ROME (RNS) — In Thursday’s 46th session of the Catholic Church’s marathon corruption trial, the president of the Vatican Bank said he had no choice but to report to prosecutors what he knew about the London real-estate deal at the heart of the inquiry, even as he faced pressure from officials at the Vatican’s Secretariat of State to approve a loan worth hundreds of millions of euro to bail out the failed investment.
Jean-Baptiste De Franssu, president of the Institute for the Works of Religion, better known as the Vatican Bank, told the Vatican tribunal overseeing the trial that the Secretariat of State requested a loan of 150 million euro in order to renegotiate the mortgage on the luxury apartment complex in London’s fashionable Chelsea neighborhood.
After meeting with the Secretariat of State and the Vatican’s financial watchdog agency regarding the investment, the Vatican Bank flagged the loan request to Vatican prosecutors, who subsequently launched their own investigation.
“The time had come when the institute had no other choice, given the circumstances created and the uncertainty reached. The only thing that could be done was to file a complaint with the tribunal,” De Franssu told the court.
De Franssu, who has served as the bank’s president since 2014, said that despite being known as the Vatican Bank, the Institute of the Works of Religion — or IOR, in its acronym in Italian — does not function as a private bank and, therefore, did not often issue loans. Furthermore, he said, the 150 million euro request would have had a major impact on its own assets.
He also noted that the IOR placed a hold on all lending activity after another property investment had gone sour in 2013. In that deal, the IOR paid millions to a Maltese investment company with the goal of purchasing the former palace that housed the Budapest Stock Exchange. As in the London deal, the Vatican had lost millions of dollars in the failed investment.

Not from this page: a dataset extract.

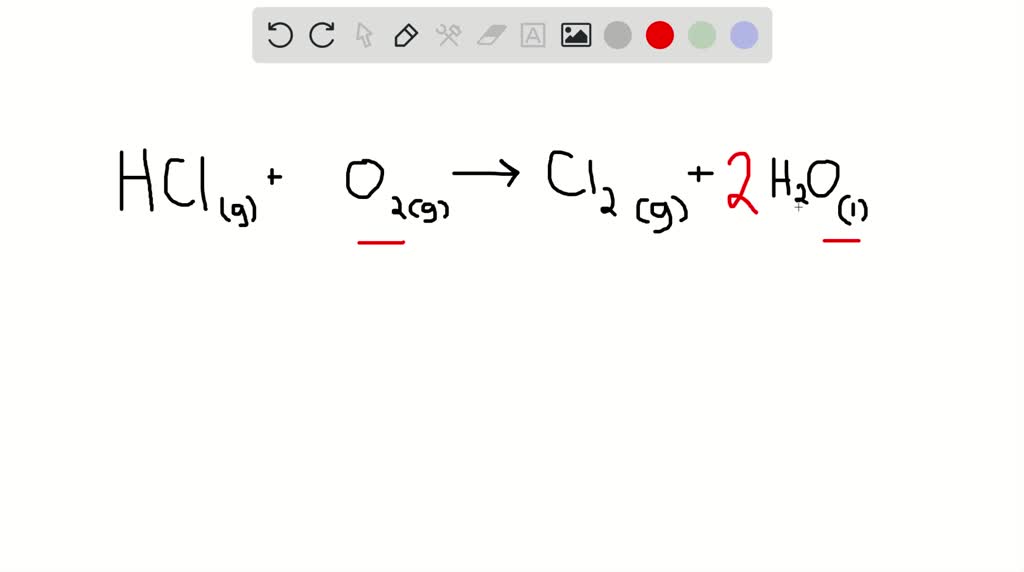 SOLVED:The first preparation of chlorine was similar to the synthesis ...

De Franssu said his office decided against the Secretariat of State’s loan request for the London property due to concerns about the involvement of Raffaele Mincione, the financier who brokered the deal, and Gianluigi Torzi, another middleman. Both men’s names appeared in a database of individuals involved in financial malfeasance.
Mincione and Torzi are among the 10 defendants facing charges at the Vatican trial.
De Franssu also told the court that after refusing to grant the loan, he and the members of the IOR’s board were accused of being incompetent and told that their demands for information were “unreasonable.”
Among those he said attempted to pressure him were René Brülhart and Tommaso Di Ruzza, former president and director, respectively, of ASIF, the Vatican’s financial watchdog agency, who are also defendants in the case.
After a meeting with members of the Secretariat of State and ASIF, De Franssu recalled, Brülhart and Di Ruzza said, “Why are you so obstinate? If you grant the loan, we will protect you.”
At a session on Friday (Feb. 17), Bishop Sebastiano Sanguinetti, the former bishop of the Diocese of Ozieri in Sardinia, and his successor, Bishop Corrado Melis, appeared as witnesses for Cardinal Angelo Becciu’s defense.
Becciu, who served as substitute, the Vatican’s equivalent of chief of staff, from 2011 to 2018 and later headed its department overseeing the making of saints, was stripped of his rights as a cardinal — though not his title — in February 2020 by Pope Francis.
Vatican prosecutors have charged the cardinal with mismanaging Catholic and Vatican funds that were allegedly paid to an intelligence consultant named Cecilia Marogna as well as to members of Becciu’s family.
According to prosecutors, Becciu sent more than $276,000 from Vatican sources to a personal account belonging to his brother Antonino Becciu, who runs Spes, a charitable organization in the Diocese of Ozieri.
Sanguinetti, who served as bishop of Ozieri from 1997 to 2006 and apostolic administrator of the diocese from 2012 to 2015, testified that Becciu was never interested in the management of the diocese or of Caritas, its charitable arm.